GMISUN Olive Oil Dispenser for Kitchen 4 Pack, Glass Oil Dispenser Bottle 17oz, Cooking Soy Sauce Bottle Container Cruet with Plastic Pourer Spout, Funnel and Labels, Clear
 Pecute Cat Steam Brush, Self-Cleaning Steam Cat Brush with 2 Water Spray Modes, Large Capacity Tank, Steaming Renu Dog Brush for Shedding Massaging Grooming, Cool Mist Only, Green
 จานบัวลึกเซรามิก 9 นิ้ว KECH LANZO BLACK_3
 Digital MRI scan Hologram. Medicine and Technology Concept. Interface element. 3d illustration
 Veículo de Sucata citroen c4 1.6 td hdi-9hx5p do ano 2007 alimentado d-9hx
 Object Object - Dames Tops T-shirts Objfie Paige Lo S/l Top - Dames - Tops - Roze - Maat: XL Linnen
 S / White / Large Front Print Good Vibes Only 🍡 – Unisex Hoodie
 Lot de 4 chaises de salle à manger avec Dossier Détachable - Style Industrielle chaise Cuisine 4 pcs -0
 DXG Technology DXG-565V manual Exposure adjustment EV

→ WHAT IS EXPECTED
Among the records above, repeat exactly the line with "จานบัวลึกเซรามิก 9 นิ้ว KECH LANZO BLACK_3", the line with "Veículo de Sucata", and every line in between, and only those.

→ TASK OUTPUT
 จานบัวลึกเซรามิก 9 นิ้ว KECH LANZO BLACK_3
 Digital MRI scan Hologram. Medicine and Technology Concept. Interface element. 3d illustration
 Veículo de Sucata citroen c4 1.6 td hdi-9hx5p do ano 2007 alimentado d-9hx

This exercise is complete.